--- Extracted data ---

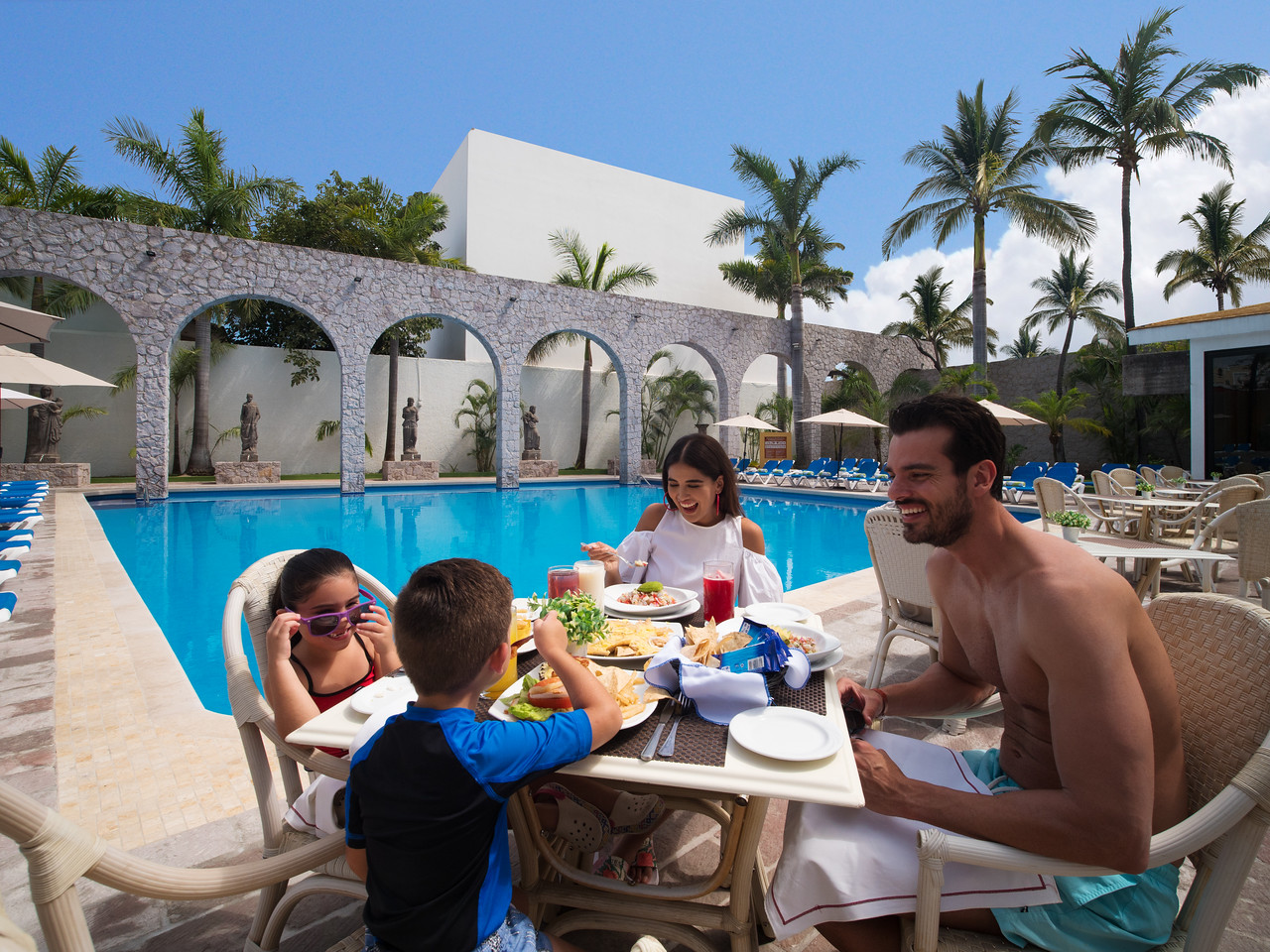 Family Dining by the Pool at an Affordable All-Inclusive Resort
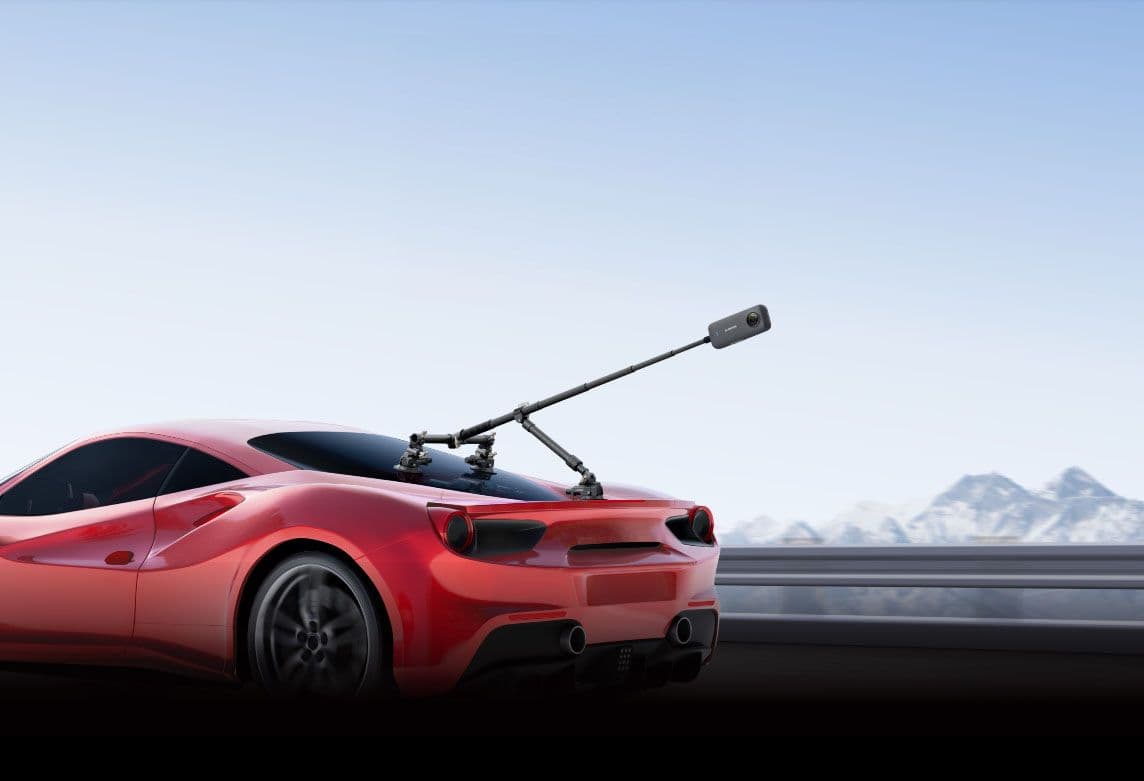 Insta360 X3 camera mounted on rear of a red Ferrari 488 driving on mountain road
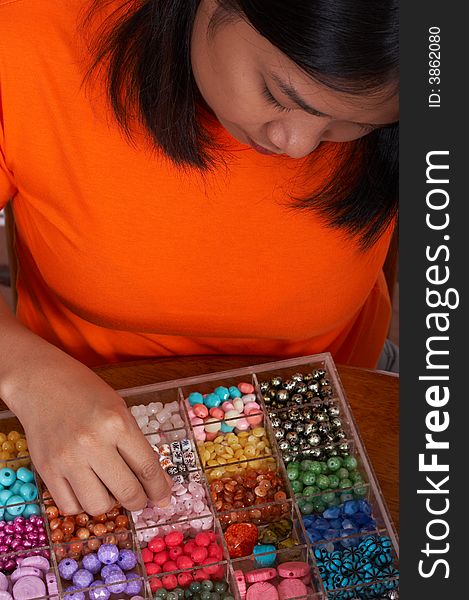 Woman holding beads with different colors. Woman holding beads with different colors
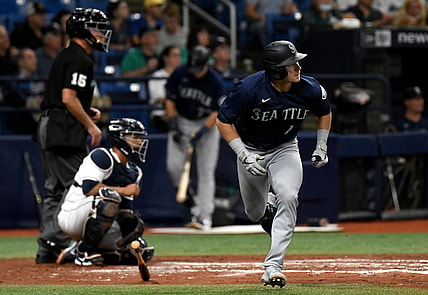 Aug 3, 2021; St. Petersburg, Florida, USA; Seattle Mariners center fielder Jarred Kelenic (10) hits a solo home run against the Tampa Bay Rays in the fourth inning at Tropicana Field. Mandatory Credit: Jonathan Dyer-USA TODAY Sports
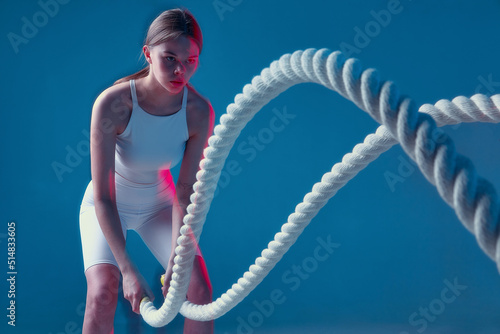 Strong athletic girl doing sports exercises with combat ropes while fitness workout routine. Long exposure, motion blur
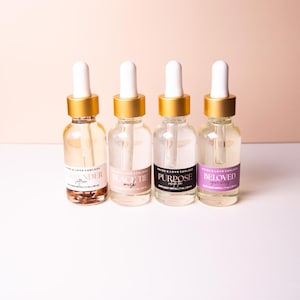 Könnte beinhalten: Vier Glas-Tropfflaschen mit goldenen Deckeln und weißen Tropfern. Die Flaschen sind mit den Düften Lavender, Black Tie, Purpose und Beloved beschriftet. Die Flaschen sind mit klarer Flüssigkeit gefüllt.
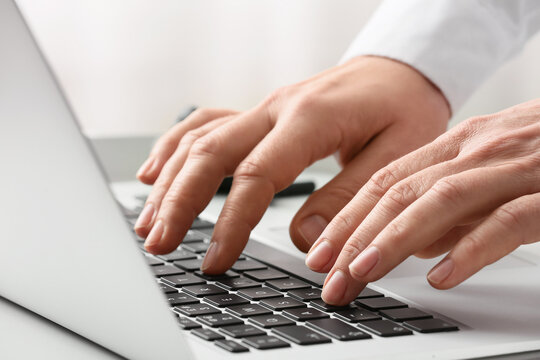 Young female programmer with laptop working in office, closeup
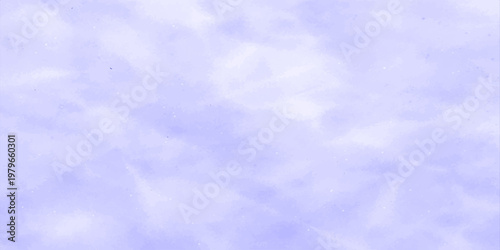 Beautiful fluffy white cumulus clouds drift across a bright clear blue sky on a sunny summer day in this abstract nature cloudscape
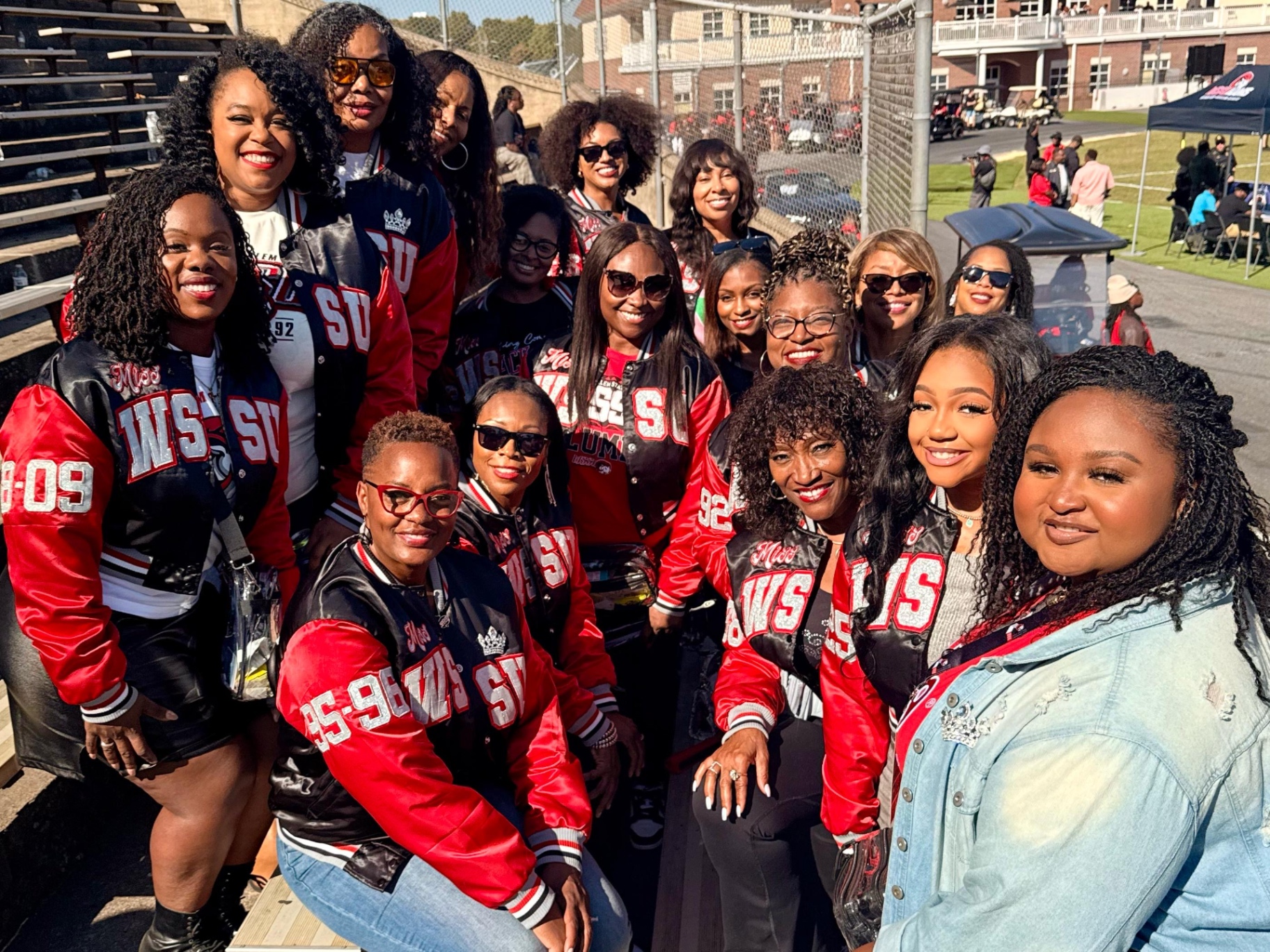 Large group portrait of alumnae queens in the stadium bleachers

---

#### Problem requirements
Exclude the images and copy every record above exactly.

#### Answer for the task
 Family Dining by the Pool at an Affordable All-Inclusive Resort
 Insta360 X3 camera mounted on rear of a red Ferrari 488 driving on mountain road
 Woman holding beads with different colors. Woman holding beads with different colors
 Aug 3, 2021; St. Petersburg, Florida, USA; Seattle Mariners center fielder Jarred Kelenic (10) hits a solo home run against the Tampa Bay Rays in the fourth inning at Tropicana Field. Mandatory Credit: Jonathan Dyer-USA TODAY Sports
 Strong athletic girl doing sports exercises with combat ropes while fitness workout routine. Long exposure, motion blur
 Könnte beinhalten: Vier Glas-Tropfflaschen mit goldenen Deckeln und weißen Tropfern. Die Flaschen sind mit den Düften Lavender, Black Tie, Purpose und Beloved beschriftet. Die Flaschen sind mit klarer Flüssigkeit gefüllt.
 Young female programmer with laptop working in office, closeup
 Beautiful fluffy white cumulus clouds drift across a bright clear blue sky on a sunny summer day in this abstract nature cloudscape
 Large group portrait of alumnae queens in the stadium bleachers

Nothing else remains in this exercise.